The Commissionerís new powers explained
From April 2016, the Commissioner will have the power to investigate potential rights violations of individual children and young people. SCCYP has discussed how this will work in practice.
Currently, Scotland's Commissioner for Children and Young People (SCCYP) has the power to investigate matters on behalf of groups of children, but from April 2016 the office will be able to do this on behalf of individuals.
In order to use these new powers, the Commissioner needs to avoid duplication of the work of the other bodies. In order to avoid this, the Commissioner carried out a mapping exercise. This set out to look at the main bodies handling complaints in Scotland and better understand their powers of investigation in order to highlight the types of cases where the Commissioner's new powers could be most effective.
As well as speaking to complaints handling bodies and regulators, the Commissioner wanted to hear about the experiences children, young people and those working closely with them had of complaining. To achieve this, his office commissioned Children's Parliament to produce a report on children and young people's views of making complaints and organised a roundtable event to bring together those working closely with a wide range of children and young people.
At the end of May 2015, the Commissioner presented three reports to the Education and Culture Committee:
- Download 'We May Be Children, But We All Have Rights' here.

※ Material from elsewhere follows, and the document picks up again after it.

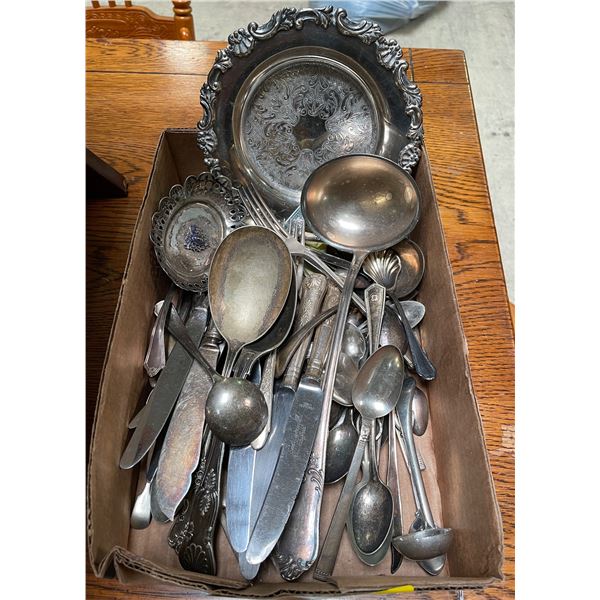 Vancouver -  Box full of assorted Silver Plated Cutlery & Serving (some with stamps)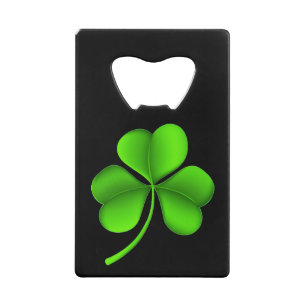 Shamrock op zwart bot kredietkaart flessenopener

- Download the summary report of key finds from the mapping exercise here.
- Download the Children's Parliament report 'Together We Can Fix It' here.
The reports found that:
- Children and young people currently face significant difficulties in bringing complaints;
- While complaints bodies and regulators would welcome complaints from children and young people, these are rarely made in practice.
The Commissioner has created a model of operation that follows on from the mapping exercise, and the views of children and young people and those working alongside them. This sets out how the Commissioner sees his new powers working in practice.
Although the office is likely to only carry out a small number of investigations each year, the model of operation has been developed to take account of the stated desire of children and young people to seek local resolution where possible.
The Commissioner and his team outlined an approach where they would work with a child or young person, supporting them to access local complaints processes through:
- Finding out the child or young person's views around what they wanted to happen;
- Outlining the various complaints options open to the child or young person;
- Helping the child or young person identify and access local support that would allow them to progress their complaint.
Alongside this, the Commissioner and his team outlined plans to work closely with other complaints bodies and regulators, to make sure that complaints processes across Scotland are fully accessible to children and young people.